<!--
 SPDX-FileCopyrightText: Copyright (c) 2022 NVIDIA CORPORATION & AFFILIATES. All rights reserved.
 SPDX-License-Identifier: MIT

 Permission is hereby granted, free of charge, to any person obtaining a
 copy of this software and associated documentation files (the "Software"),
 to deal in the Software without restriction, including without limitation
 the rights to use, copy, modify, merge, publish, distribute, sublicense,
 and/or sell copies of the Software, and to permit persons to whom the
 Software is furnished to do so, subject to the following conditions:

 The above copyright notice and this permission notice shall be included in
 all copies or substantial portions of the Software.

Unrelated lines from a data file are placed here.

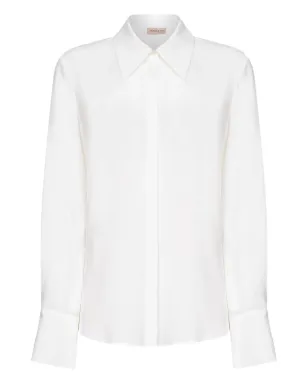 Blanca Vita ポイントカラー長袖シャツ - サムネイル1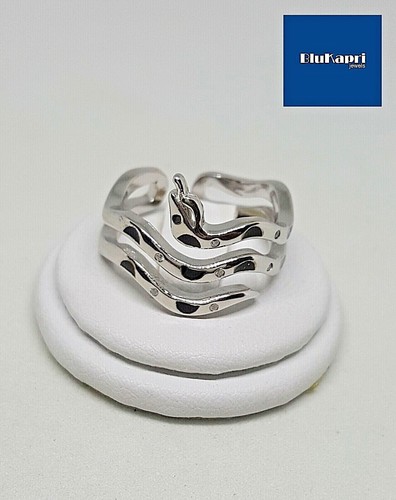 Anello donna argento fascia - argento,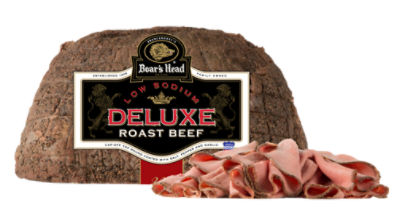 Boar's Head Deluxe Roast Beef, Low Sodium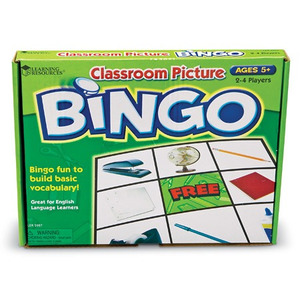 [EDU 5997] 교실 단어 빙고게임 / Classroom Picture Bingo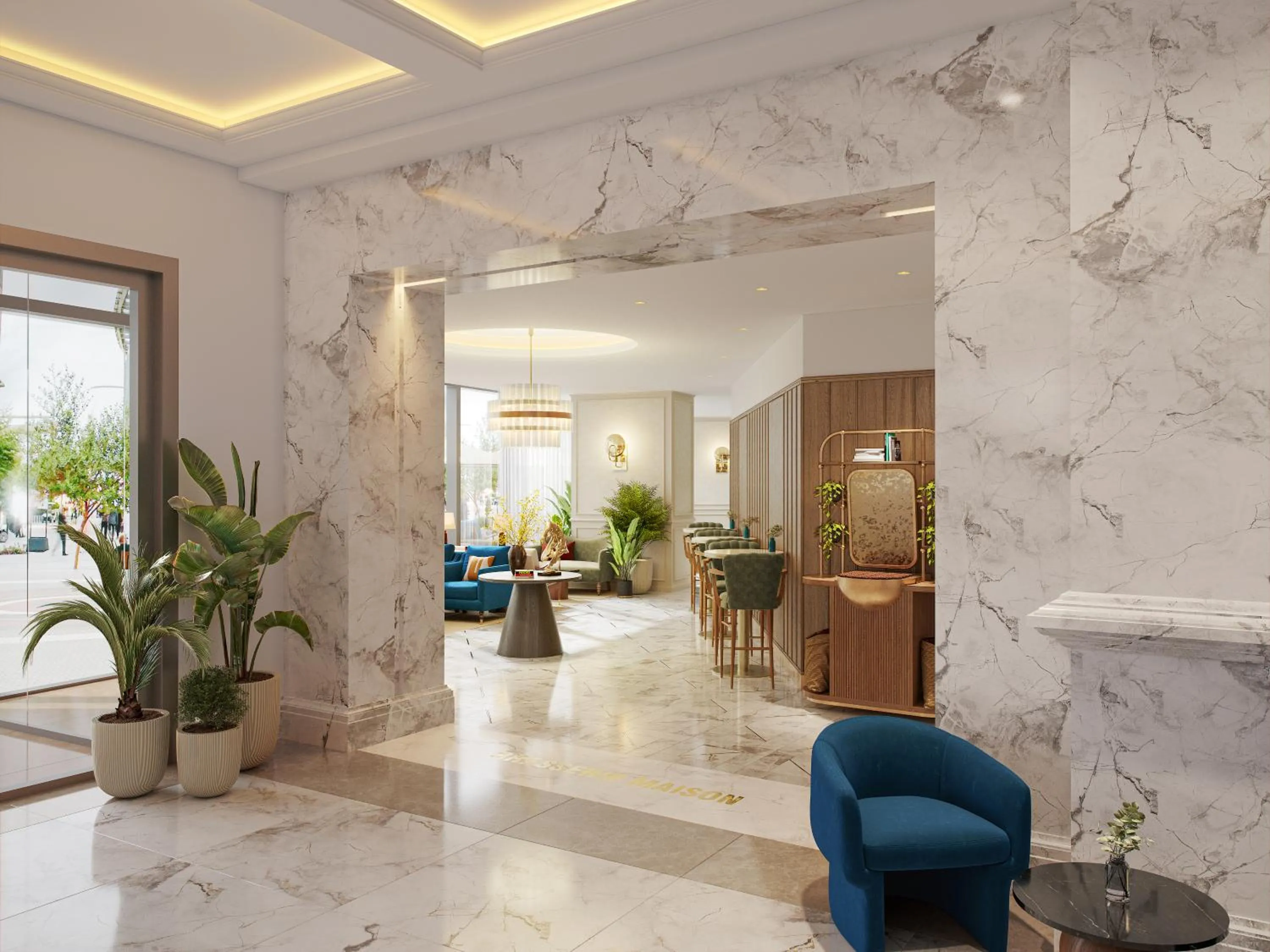 Restaurant/places to eat in Cheval Maison - Expo City Dubai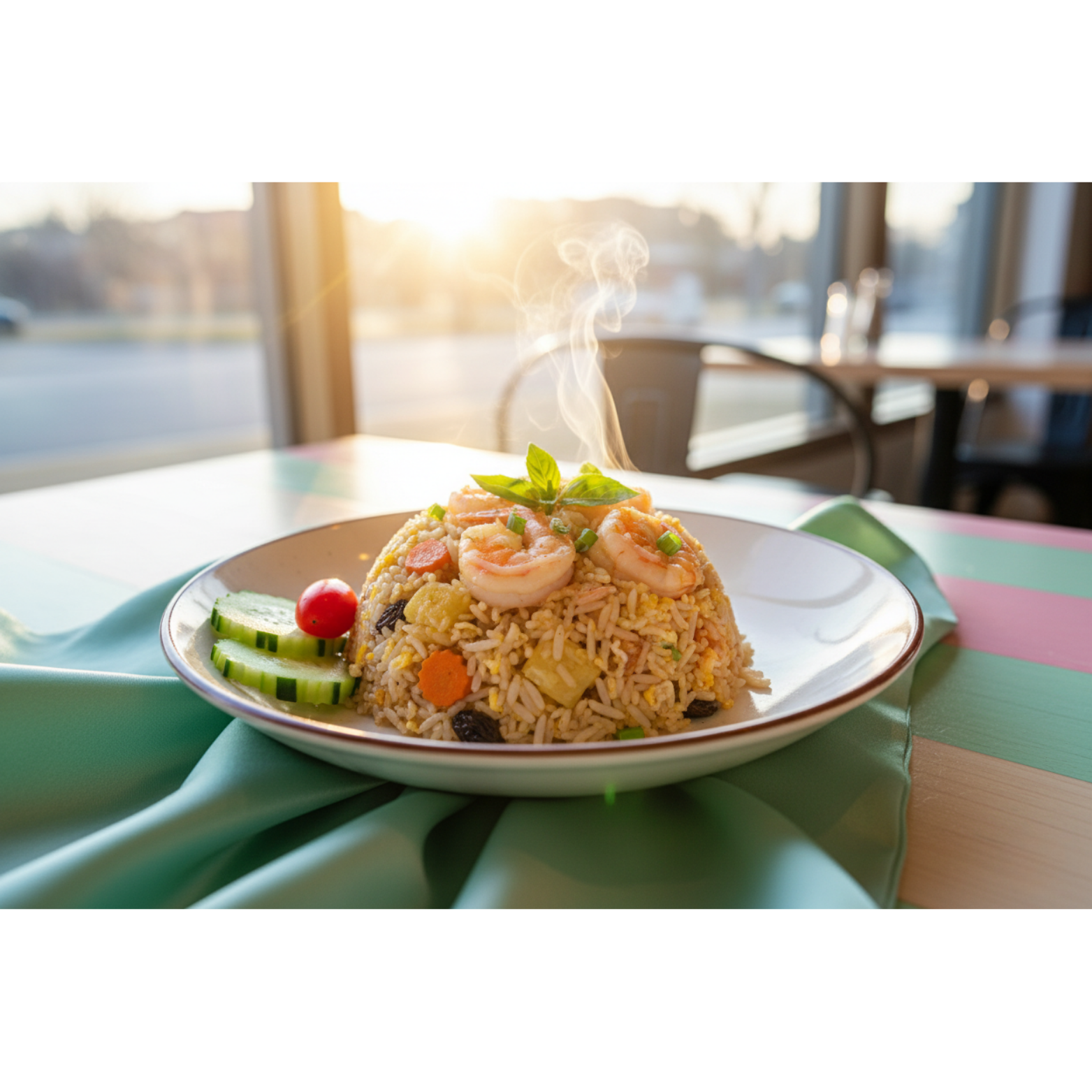 (F/r) Pineapple Fried Rice.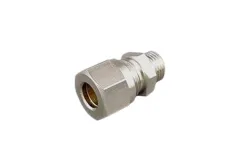 ZŁĄCZKA do MIEDZI / ALUMINIUM 10mm - 1/4" zew. największy sklep tuningowy w Polsce!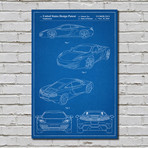 McLaren 12C (Blueprint)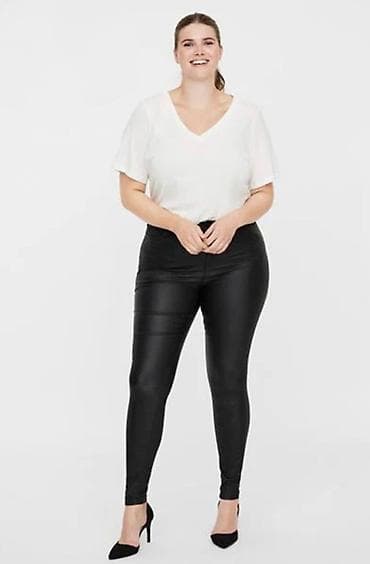 NOVE Vero moda pantalone velicina 50 Izgledaju kao kozne,inaju blagi na lalafo.rs — 2 NOVE Vero moda pantalone velicina 50 Izgledaju kao kozne,inaju blagi — 2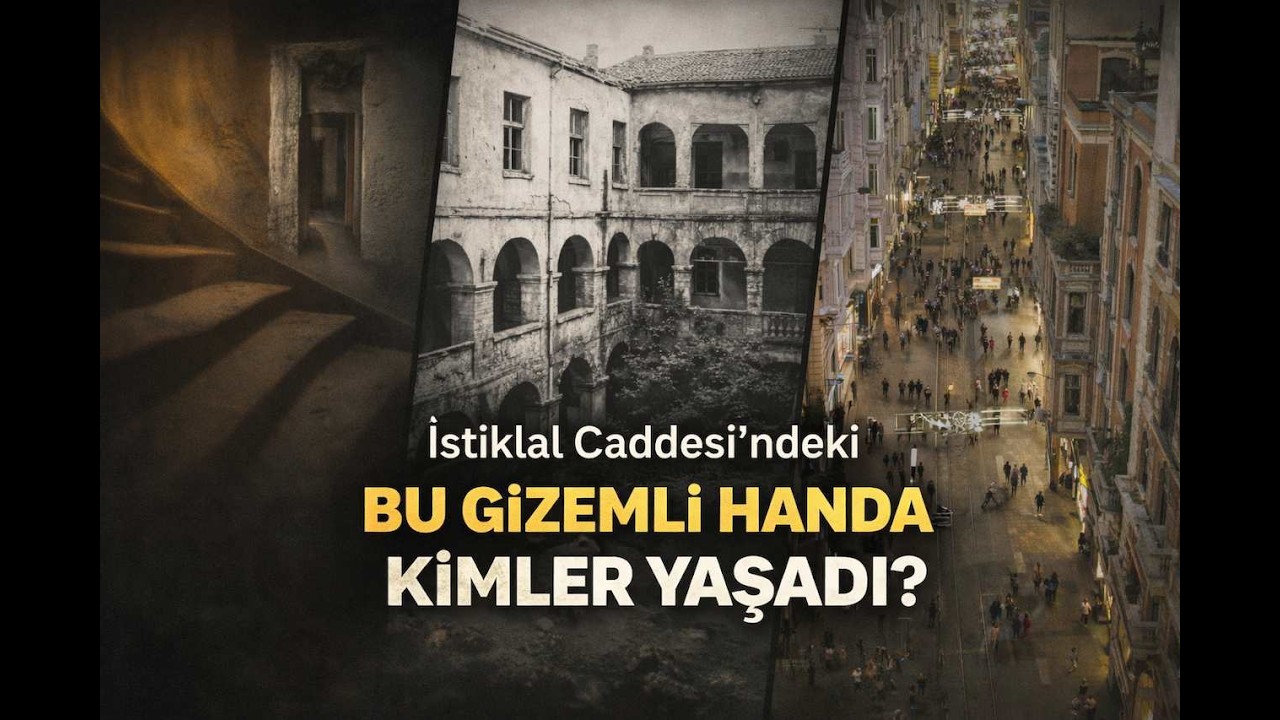 İstiklal Caddesi’ndeki Bu Gizemli Handa Kimler Yaşadı? | Narmanlı Han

 THE SOFTWARE IS PROVIDED "AS IS", WITHOUT WARRANTY OF ANY KIND, EXPRESS OR
 IMPLIED, INCLUDING BUT NOT LIMITED TO THE WARRANTIES OF MERCHANTABILITY,
 FITNESS FOR A PARTICULAR PURPOSE AND NONINFRINGEMENT. IN NO EVENT SHALL
 THE AUTHORS OR COPYRIGHT HOLDERS BE LIABLE FOR ANY CLAIM, DAMAGES OR OTHER
 LIABILITY, WHETHER IN AN ACTION OF CONTRACT, TORT OR OTHERWISE, ARISING
 FROM, OUT OF OR IN CONNECTION WITH THE SOFTWARE OR THE USE OR OTHER
 DEALINGS IN THE SOFTWARE.
-->

## `ppo_continuous_action_isaacgym.py`

:octicons-beaker-24: Experimental

The [ppo_continuous_action_isaacgym.py](https://github.com/vwxyzjn/cleanrl/blob/master/cleanrl/ppo_continuous_action_isaacgym/ppo_continuous_action_isaacgym.py) has the following features:

- Works with IsaacGymEnvs.
- Works with the `Box` observation space of low-level features
- Works with the `Box` (continuous) action space

[IsaacGymEnvs](https://github.com/NVIDIA-Omniverse/IsaacGymEnvs) is a hardware-accelerated (or GPU-accelerated) robotics simulation environment based on `torch`, which allows us to run thousands of simulation environments at the same time, empowering RL agents to learn many MuJoCo-style robotics tasks in minutes instead of hours. When creating an environment with IsaacGymEnvs via `isaacgymenvs.make("Ant")`, it creates a vectorized environment which produces GPU tensors as observations and take GPU tensors as actions to execute.

???+ info

    Note that **Isaac Gym** is the underlying core physics engine, and **IssacGymEnvs** is a collection of environments built on Isaac Gym.

???+ info

    `ppo_continuous_action_isaacgym.py` works with most environments in IsaacGymEnvs but it does not work with the following environments yet:

    * AnymalTerrain
    * FrankaCabinet
    * ShadowHandOpenAI_FF
    * ShadowHandOpenAI_LSTM
    * Trifinger
    * Ingenuity Quadcopter

    🔥 we need contributors to work on supporting and tuning our PPO implementation in these envs. If you are interested, please read our [contribution guide](https://github.com/vwxyzjn/cleanrl/blob/master/CONTRIBUTING.md) and reach out!

### Usage

The installation of `isaacgym` requires a bit of work since it's not a standard Python package.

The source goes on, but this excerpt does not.